§ WORK REQUIRED:
Print the data below again in full, exactly as it stands, with no images.

───── GIVEN DATA

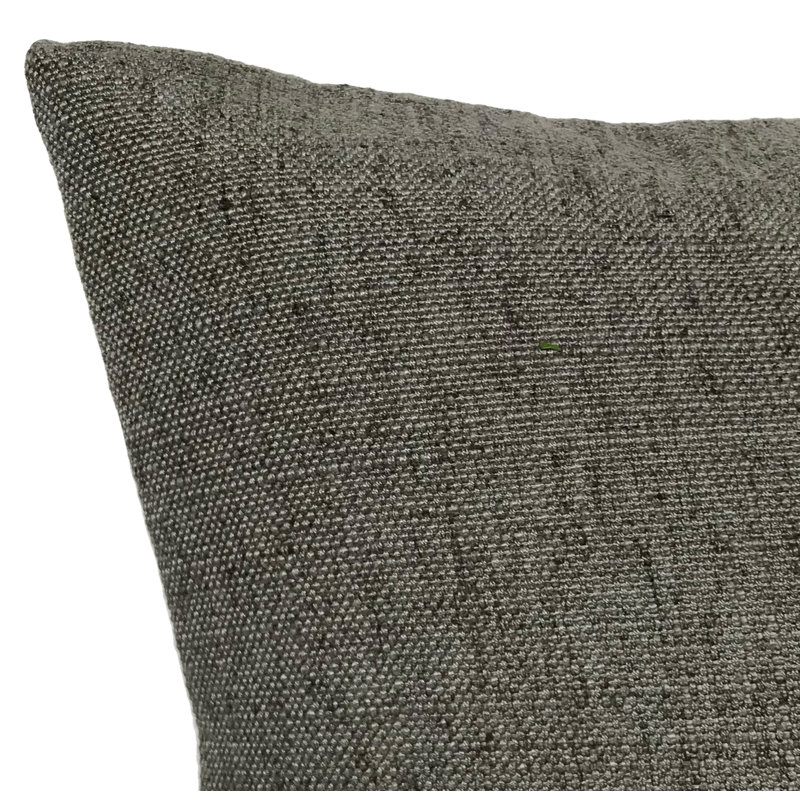 Coussin Roger, 24 po x 24 po, Gris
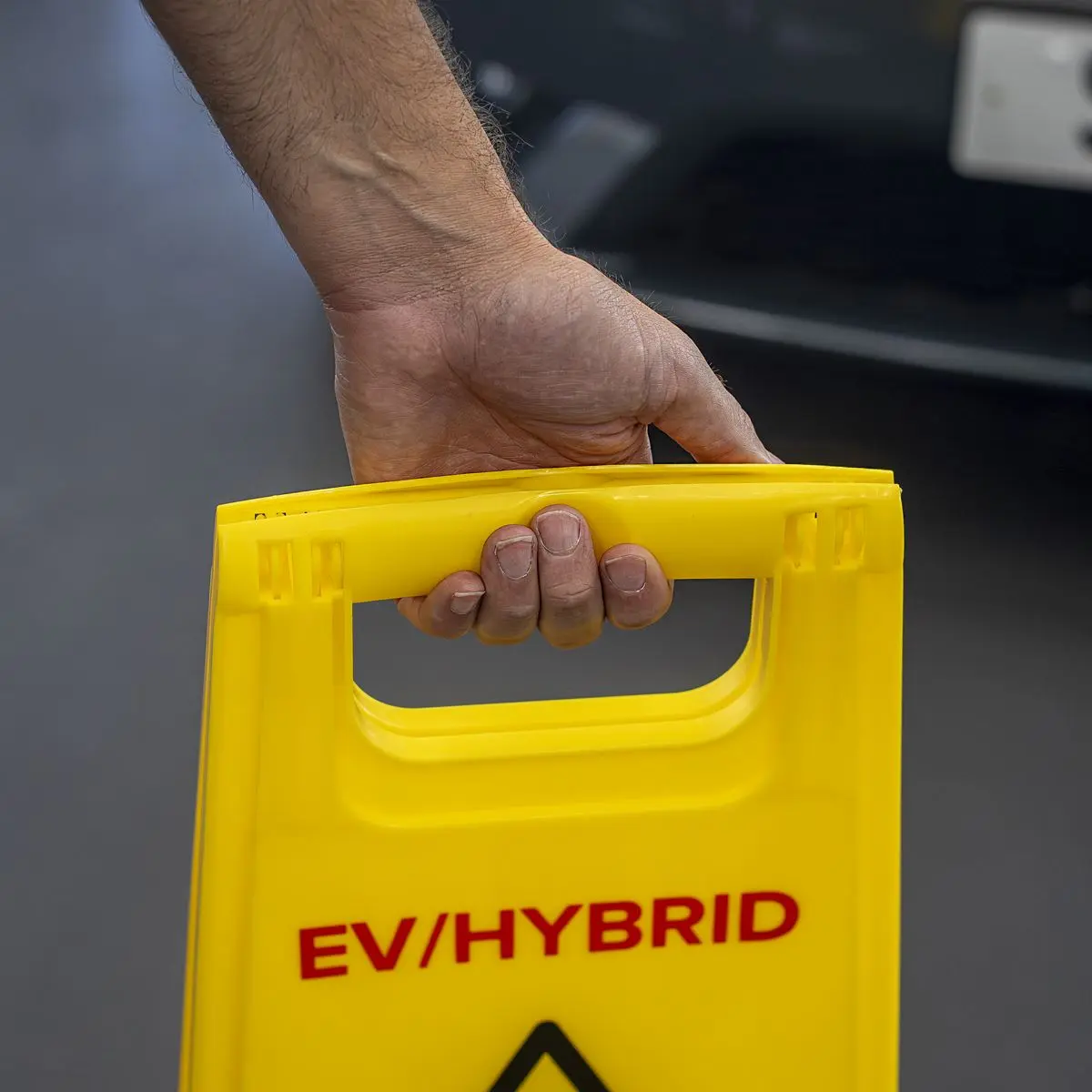 Sealey EV/Hybrid Floor Warning Signs - Pack of 2 - Image 5
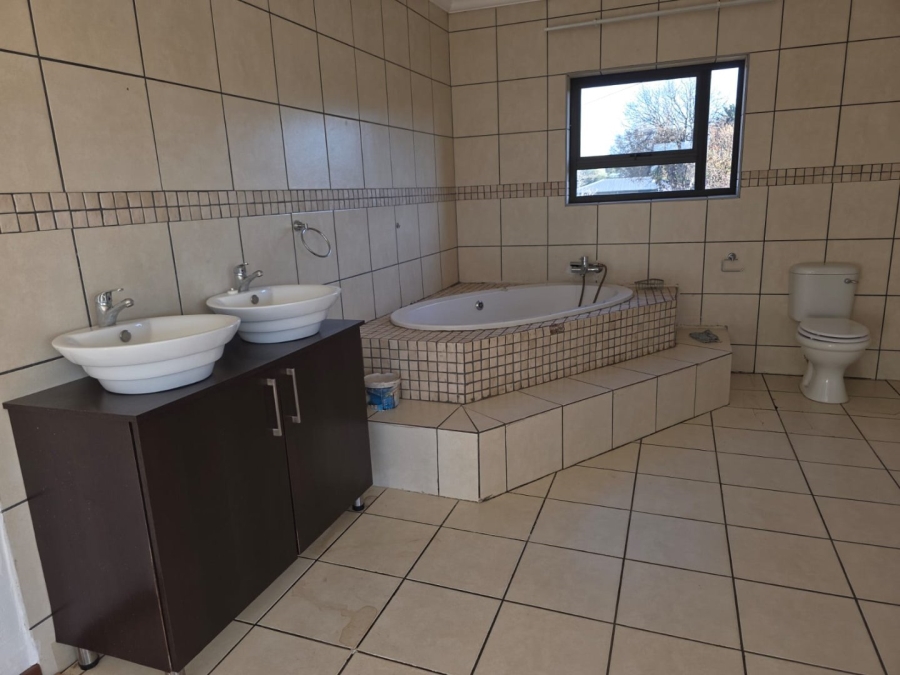 4 Bedroom Property for Sale in Bredell Gauteng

──────────

§ RESPONSE TO THIS TASK:
 Coussin Roger, 24 po x 24 po, Gris
 Sealey EV/Hybrid Floor Warning Signs - Pack of 2 - Image 5
 4 Bedroom Property for Sale in Bredell Gauteng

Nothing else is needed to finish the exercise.